Jill: I can’t visit New York without going to brunch. In past visits, brunch is what happens around 5 p.m. following an evening of bar hopping and fuzzy memories. This time, though, we had bloody marys in hand with available light and without hangovers. Either we’re growing up, or my flight landed in the morning. In this case, it may be both.
Jill: Shortly after arriving in Bed-Stuy, we set off on foot to the General Greene, a restaurant that Maya and the Carnivore had visited once before.
Maya: One of the three Ws in play right from the get-go. On our prior visit, we were impressed with the drinks and underwhelmed by the sandwiches; the breakfast items all sounded great, though, so we’d been talking about giving it another shot. This seemed as good a time as any.
Jill: I’ll say it first. The highlights of brunch at the General Greene were the drinks and the side dishes. These were, incidentally, the things that bumped up our bill.
Maya: The bloodys were some of the best I’ve ever had, I think. Maybe even better than my own, and I’m pretty proud of those.
Maya: During our previous visit, a guy at the next table had ordered the grilled steak skillet; when it arrived, I was practically drooling. I wanted to try it this time around, but fearing that a meat-and-potatoes breakfast would place some restrictions on our dinner plans, I held off once again and went with what sounded like a slightly lighter option: eggs with ranchero sauce and pinto beans, served in the same too-hot-to-touch skillet in which it was cooked and topped off with lime sour cream, cilantro, and salsa. It wasn’t half as good as I’d anticipated, unfortunately. The eggs were severely overdone, the beans were on the hard side, and a tough skin covered the entire dish. Though the kitchen should have known better, I blame the Carnivore and his burger-ordering habits.
Jill: The Carnivore allowed us to have a bite of his burger, which he had cooked to well-done. Someday, like indoor smoking, this will be outlawed in New York, but until then, I’ll say that they did a good job with the burger, despite his strange request.
Maya: I mean, really. No way this helped with the timing of our meal; who orders a burger well-done these days? (Yes, it was really good. And maybe I’m still just a tiny bit jealous.)
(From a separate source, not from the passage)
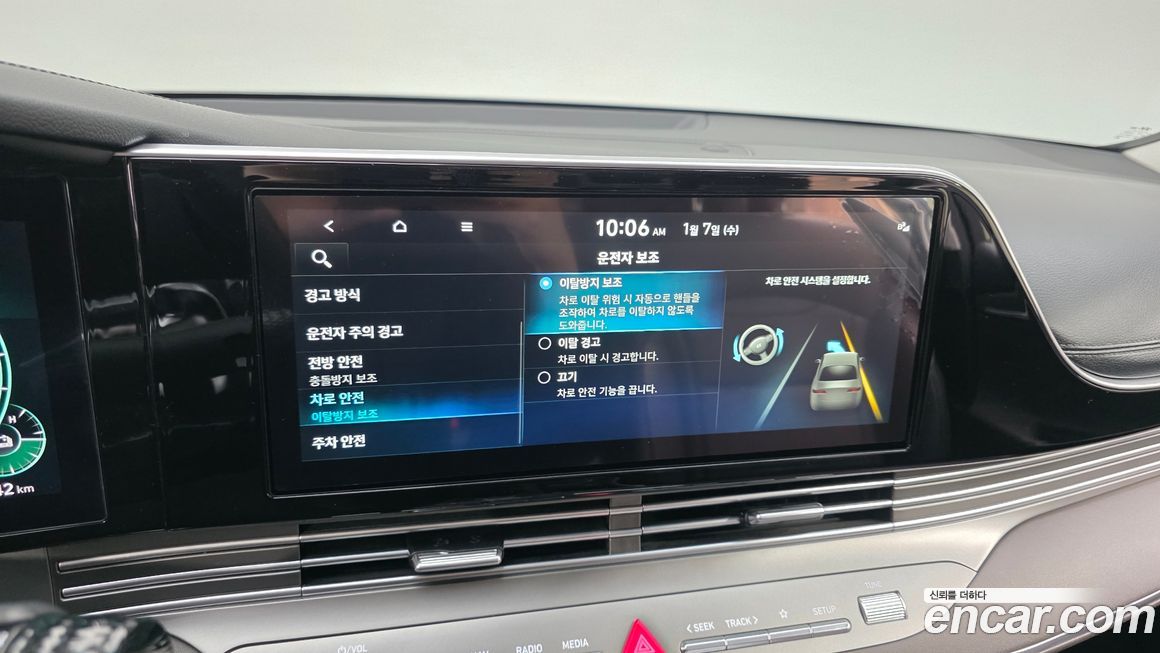 Hyundai Grandeur 2023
Jill: My sandwich, made up of egg, roasted portobellos and goat cheese was okay, but not incredible. It was conservative on the tomato jam, the sloppy tangy element designed to bring the whole thing together. This, however, was not a deal-breaker for me. Anything would be considered “okay” compared to what was to come.
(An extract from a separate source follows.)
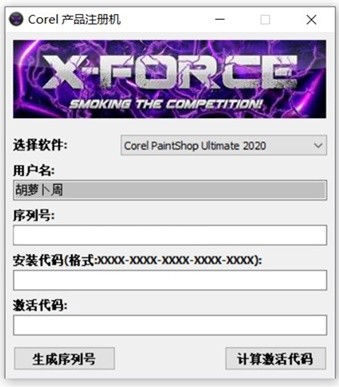 corel��Ʒע���2021����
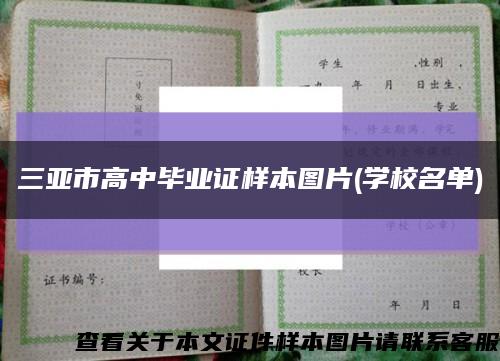 三亚市高中毕业证样本图片(学校名单)缩略图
Maya: This was the same issue the Carnivore and I had had with our sandwiches during Round One. My smoked-trout melt was just so-so, and he judged his Cuban simply by saying, “They should’ve let the pig live.” Yours was pretty much par for the course, it would seem.
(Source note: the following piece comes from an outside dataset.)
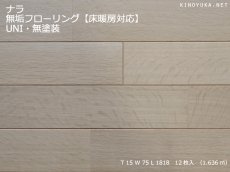 画像1: ナラ無垢フローリング床暖房用ＵＮＩ・無塗装1818×75×15 (1)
Jill: Oh sweet heaven, be still my heart, my life is changed, love at first sight. Candied bacon. Pork belly. Kissed with maple syrup. I want this every day.
Maya: So amazingly good, I found myself begrudging you guys your share. This particular swine didn’t die in vain.
Jill: My second favorite side dish was this bowl of cheddar grits. Simple and lovely and perfect for breakfast the next day.
Maya: I’ll vouch for the suitability of the leftovers—I managed to snag a small bite when you weren’t looking.
Maya: They couldn’t all be winners, sadly. The best part of this chorizo-potato hash (in keeping with our theme, apparently) was the sausage, and there wasn’t nearly enough of it to make up for the just-okay starchy spuds.
Jill: I shied away from this dish, if only because I knew that potatoes are unnecessary fillers on food benders.
Jill: An end-of-meal trip to the restrooms unveiled a surprise. Hidden in the back of the General Greene was a soon-to-open grocery store. When Maya and I travel, we visit two things: restaurants and grocery stores. Our inaugural meal together was a combination of both, and, if you ask me, a good starting point for the trip. It could only get better (and, luckily, it did).